Many days later, we did have a meeting with her oncologist. At the meeting, the oncologist said that a pathology report would be done on the tissue removed during her upcoming surgery. This is the first mention of a pathology report that I have hear from her medical team. The report would follow within two weeks of the procedure. The oncologist said that if the pathology report detects cancer cells—which is likely—then a follow-up treatment of immunotherapy would likely start in January. This also is the first admission that cancer will remain in my wife after the surgery.
It was at this point that the words of the oncologist got very close to using the “cure” word. The little yellow flags went up in my mind as I heard her say this. Such a promise is not what I have found in my reading of the literature on esophageal cancer. I can only reconcile the two opposing views as meaning that we can buy you a few years more if everything goes your way.
I have written elsewhere in this series about the surgery, so I won’t rehash that now; but I did need to get into the latest with Covid restrictions. The most important thing is that nobody with the initials M.D. after their name can tell you what the Covid testing rules are. We ended up being told to talk with the security guards at the hospital and find out.
What we learned is that there is no formal way required to prove that you had a recent Covid test. My two upcoming appointments at CVS or wherever it is, won’t get me very far. The security guys at the hospital will accept a home test if you bring it to them in the hospital. Please note this is a medical determination made by people that just might have a Red Cross First Aid certificate if you’re lucky and are probably the lowest paid folks in the hospital not changing bedpans. Also, they kept saying something about 72 hours but whether the test must be within that interval, or they only let you use it for that long; both or neither, I guess I will find out next week. Oh, I plan to have the home version of the Covid test in my car or on my person. I guess once they document my quickie test, I can trash it until I need another.
This brings up my next question which is why are face masks and Covid quickie tests just common garbage? If Covid is really so bad, then shouldn’t anything Covid related be biohazardous? Yeah, I know it’s not but if Dr. Fauci and the rest were serious then wouldn’t disposal be an important issue to prevent the spread? (Sorry I assumed for a minute that they might follow at least the easy science related to virology and contamination.)
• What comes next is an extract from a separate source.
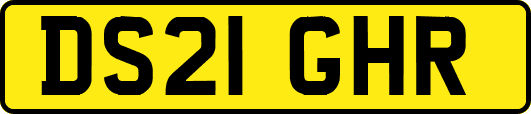 DS21GHR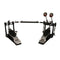 Hayman BDP-2000 Pro Series Double Bass Drum Pedal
Oh, lastly, when in the hospital, my wife is allowed one visitor per day. We are having sign-ups at our Thanksgiving celebration to let our relatives get in line. However, and isn’t there always one of those somewhere, the security folks will allow more people to visit if the nurses on her floor say that its ok. How this is communicated to the security guys was not explained. Also, minors are not allowed to see their moms in the hospital. Wanna bet it’s a Covid rule too?
Anyway, I’m thankful to have my wife and I’m glad see her doing better, even if it’s all about to be undone by the forthcoming medical procedure. Have a good Thanksgiving and expect to hear from me again after the surgery.